Task brief:
Without the pictures, print the lines running from the beginning of the material to the line containing "Jacaranda Handcarved Decorative Wooden Bowl", both ends included.

Working data:
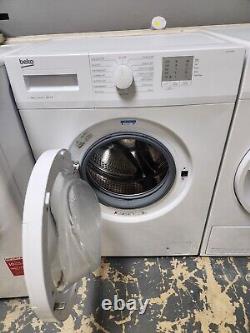 Beko 6kg Washing Machine 1200rpm & Matching 7kg Condenser Dryer White Colour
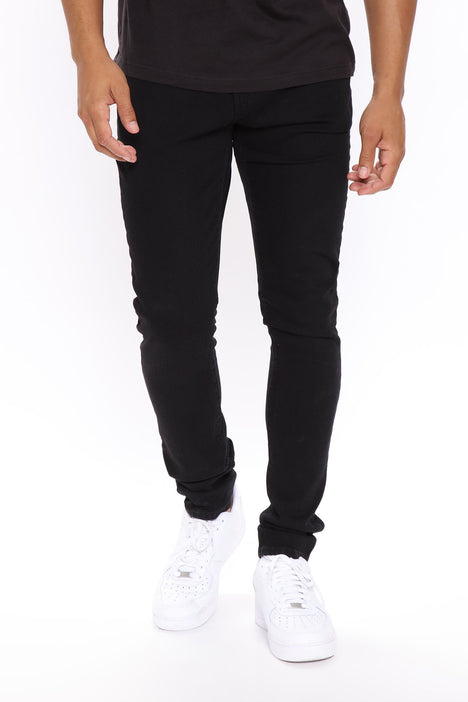 frelsen mangel alene Cornell Stacked Skinny Jeans - Black | Fashion Nova, Mens Jeans | Fashion  Nova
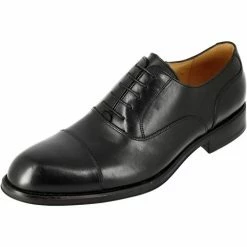 Belym Chaussure homme Derby Richelieu en cuir noir 201 Couleur list: Noir|Noir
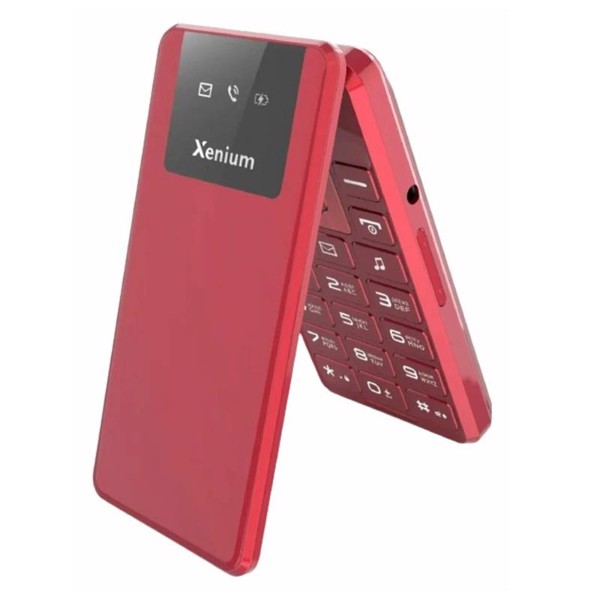 Mobil telefon  Philips  Xenium X600 Red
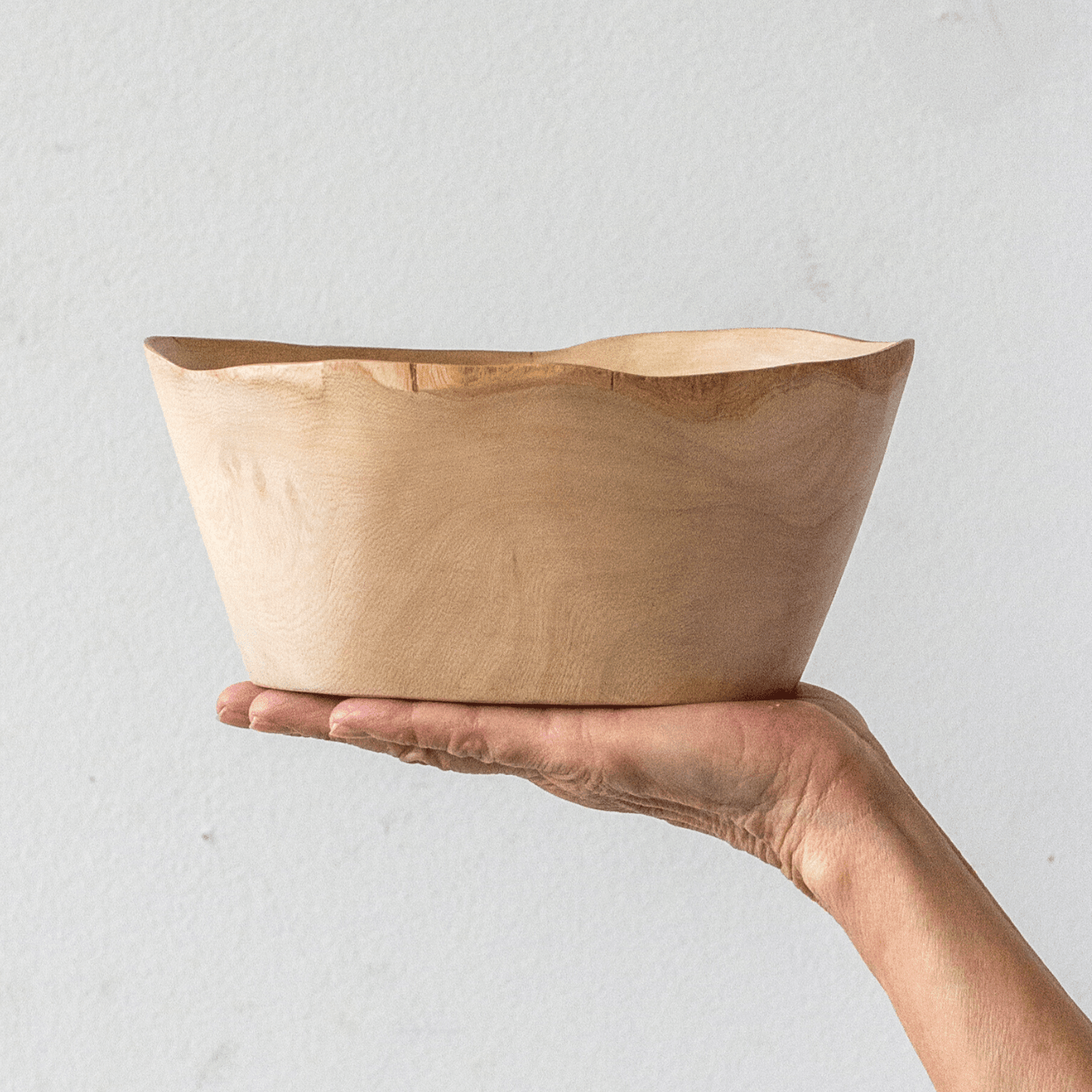 Jacaranda Handcarved Decorative Wooden Bowl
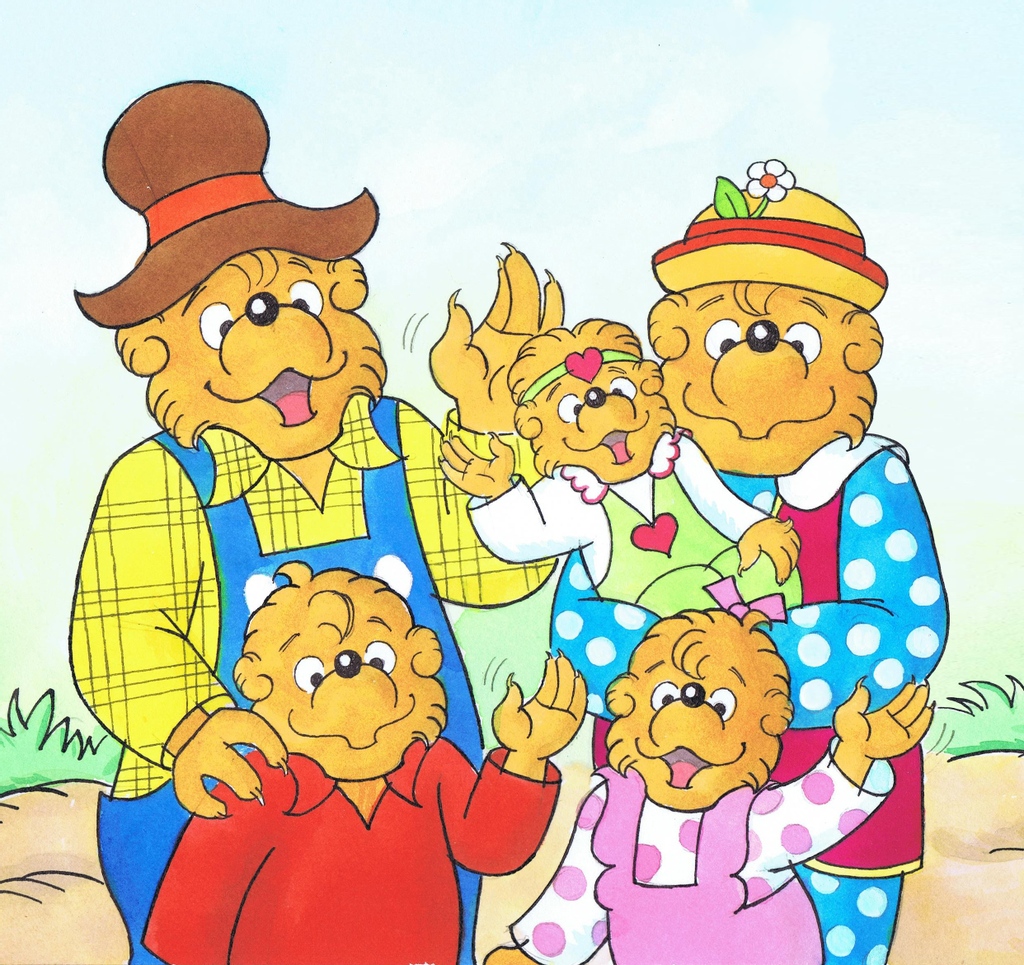 The Berenstain Bears Wallpapers - Wallpaper Cave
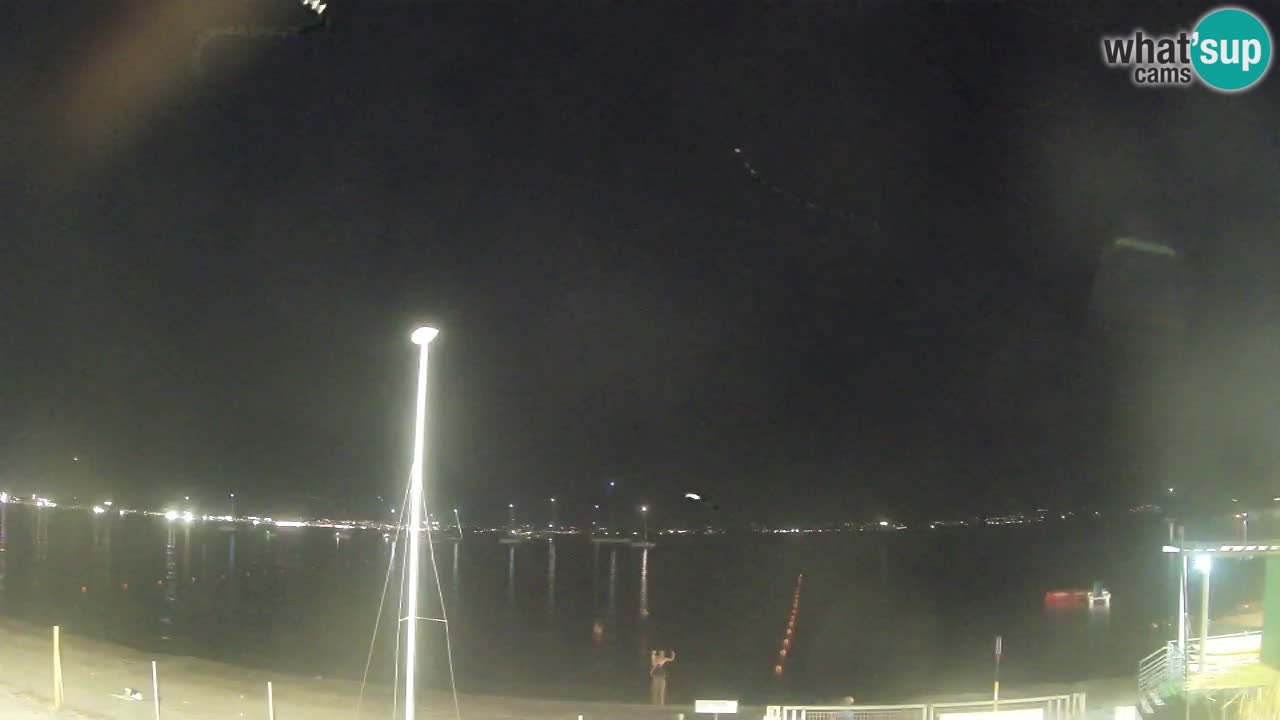 Webcam Cagliari Windsurf Club – Liveblick vom Poetto Strand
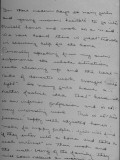 A Written Letter by Servant Sadie Buick About Domestic Services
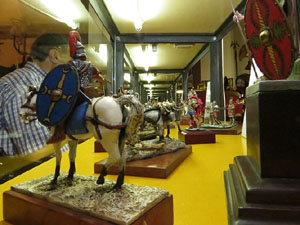 Exposició Manaies de Girona - Soldats Romans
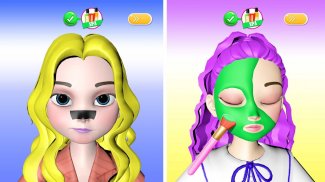 Makeup Games DIY Makeover screenshot 2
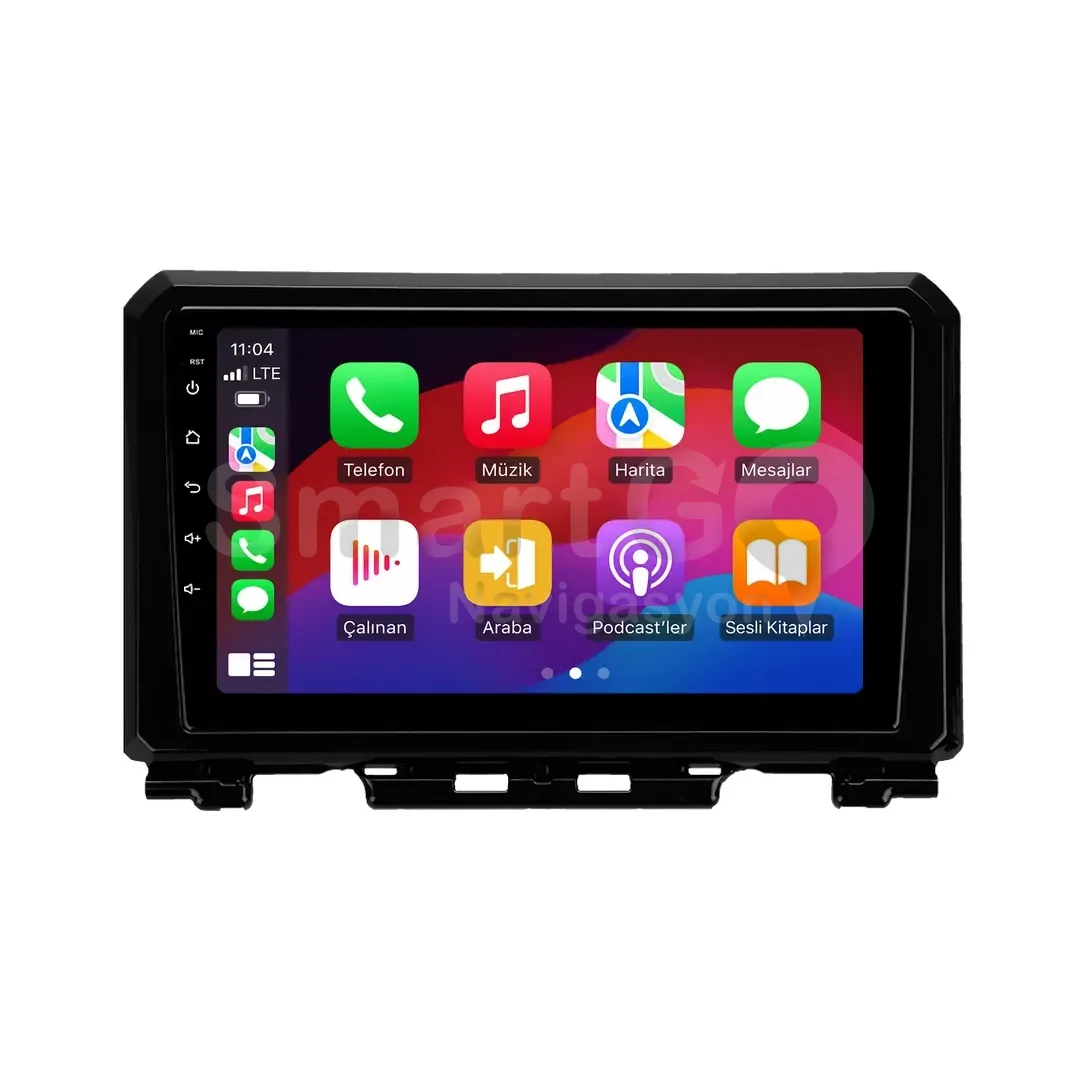 Suzuki Jimny Android Multimedya Sistemi (2018-2022) - 9 İnç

Output for this exercise:
 Beko 6kg Washing Machine 1200rpm & Matching 7kg Condenser Dryer White Colour
 frelsen mangel alene Cornell Stacked Skinny Jeans - Black | Fashion Nova, Mens Jeans | Fashion  Nova
 Belym Chaussure homme Derby Richelieu en cuir noir 201 Couleur list: Noir|Noir
 Mobil telefon  Philips  Xenium X600 Red
 Jacaranda Handcarved Decorative Wooden Bowl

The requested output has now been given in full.